What you need to do: Please transcribe exactly the line that holds "Camiseta Está Chovendo Tacos Taco (Frente)" and all lines that follow it to the end of the records below, omitting any pictures.

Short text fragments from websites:
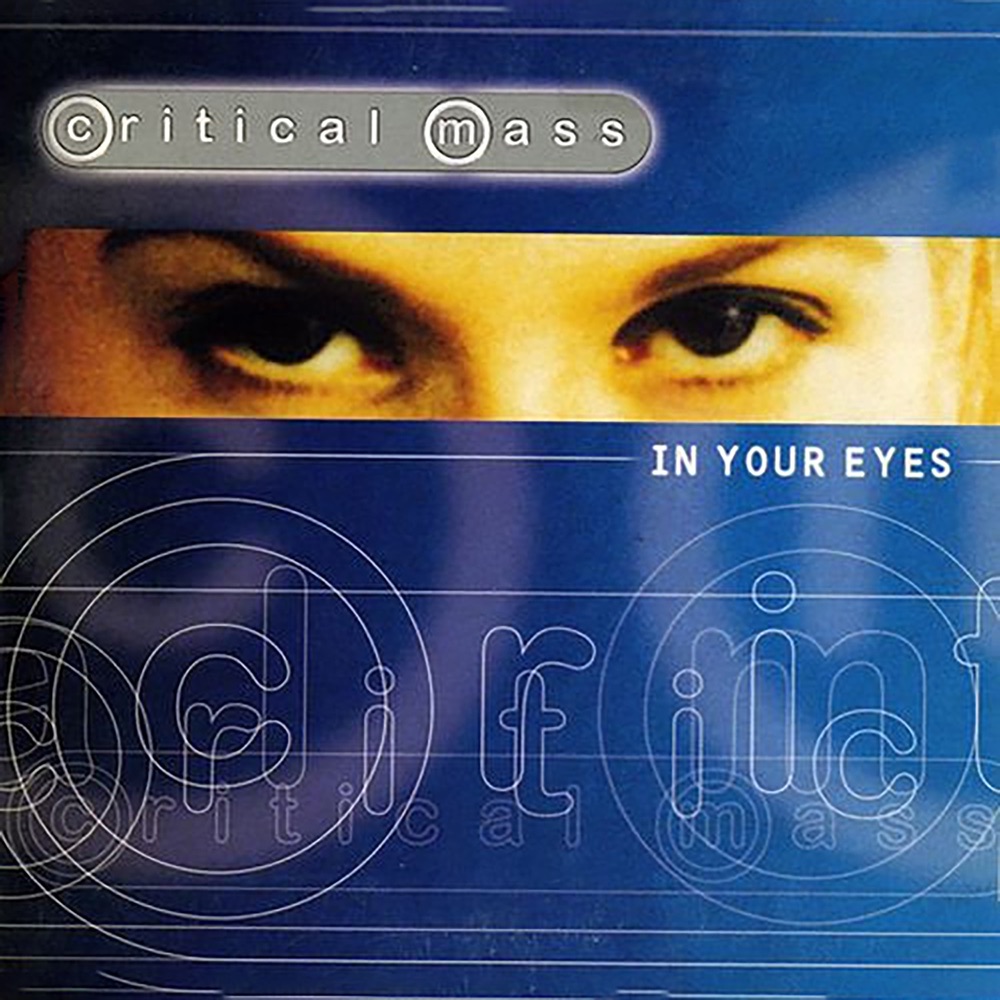 Обложка альбома «In Your Eyes - Single» — Critical Mass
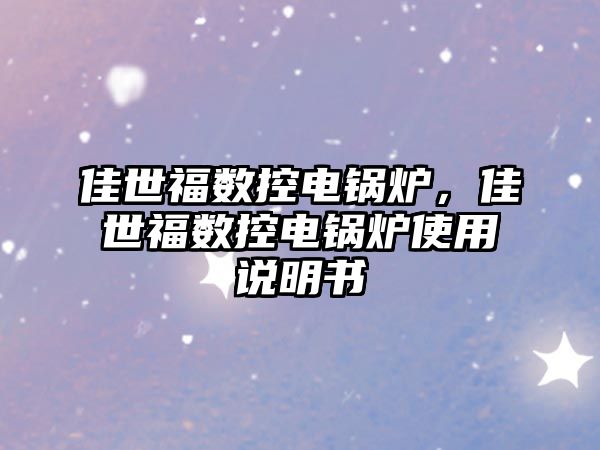 佳世福數(shù)控電鍋爐，佳世福數(shù)控電鍋爐使用說(shuō)明書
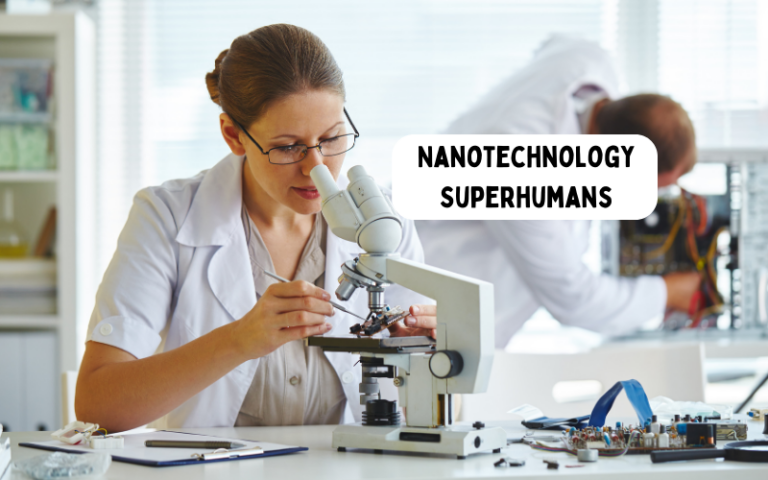 Nanotechnology Superhumans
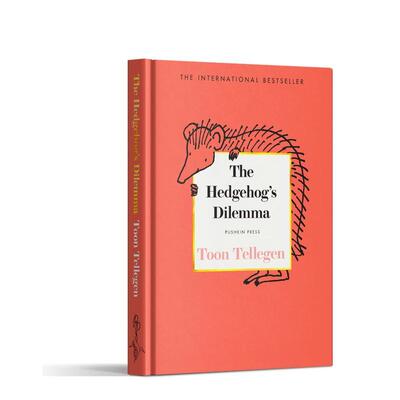 【现货】刺猬的困境 The Hedgehog’s Dilemma 英文进口原版文学小说 Toon Tellegen外文正版图书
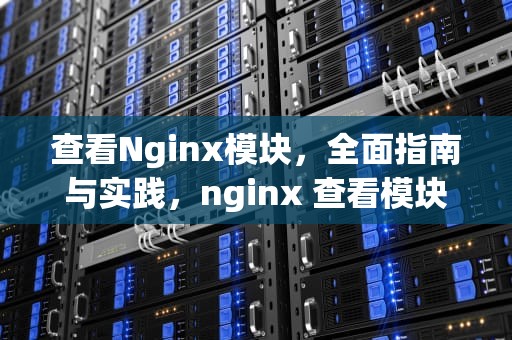 查看Nginx模块，全面指南与实践，nginx 查看模块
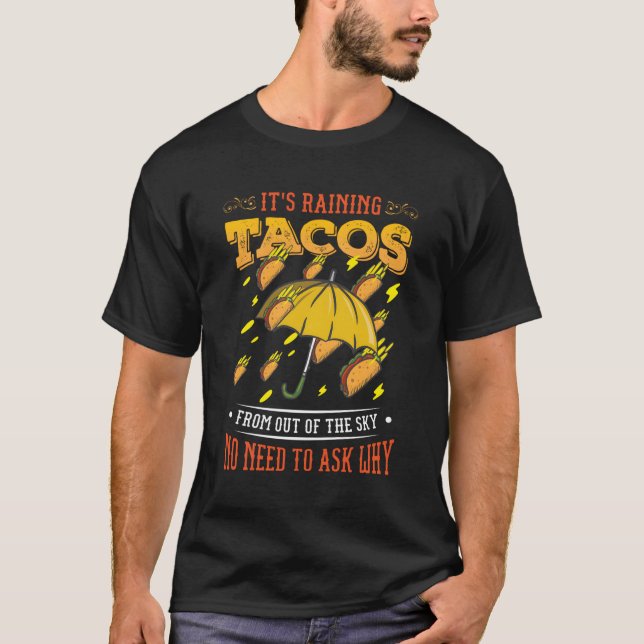 Camiseta Está Chovendo Tacos Taco (Frente)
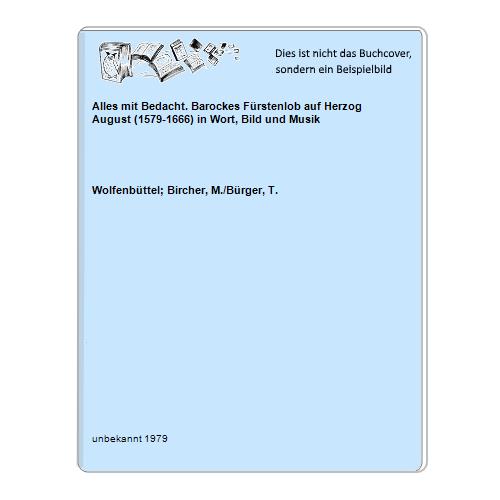 Wolfenbttel; Bircher, M./Brger, T. - Alles mit Bedacht. Barockes Frstenlob auf Herzog August (1579-1666) in Wort, Bild und Musik
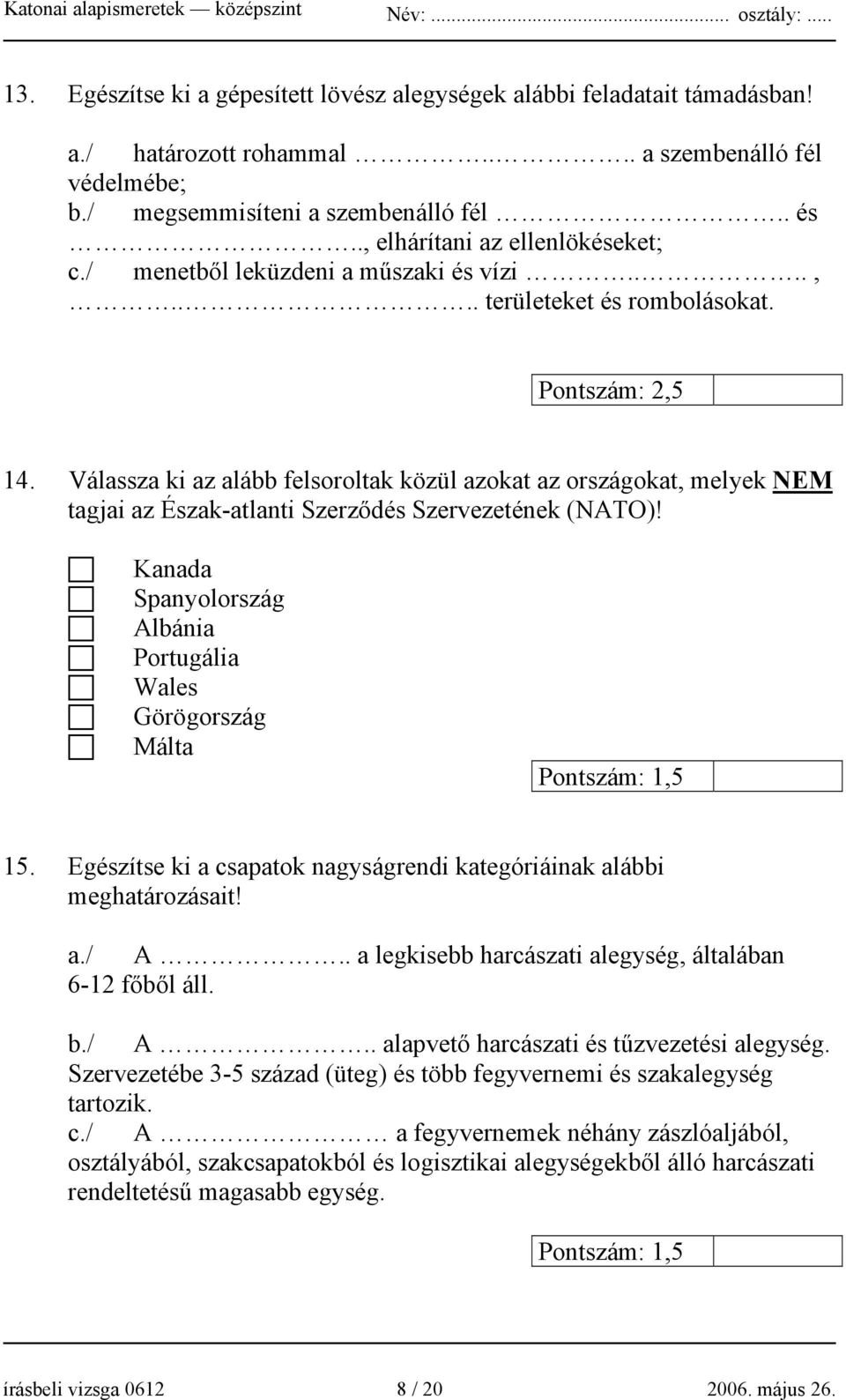 Válassza ki az alább felsoroltak közül azokat az országokat, melyek NEM tagjai az Észak-atlanti Szerződés Szervezetének (NATO)!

Answer space:
 Camiseta Está Chovendo Tacos Taco (Frente)
 Wolfenbttel; Bircher, M./Brger, T. - Alles mit Bedacht. Barockes Frstenlob auf Herzog August (1579-1666) in Wort, Bild und Musik
 Válassza ki az alább felsoroltak közül azokat az országokat, melyek NEM tagjai az Észak-atlanti Szerződés Szervezetének (NATO)!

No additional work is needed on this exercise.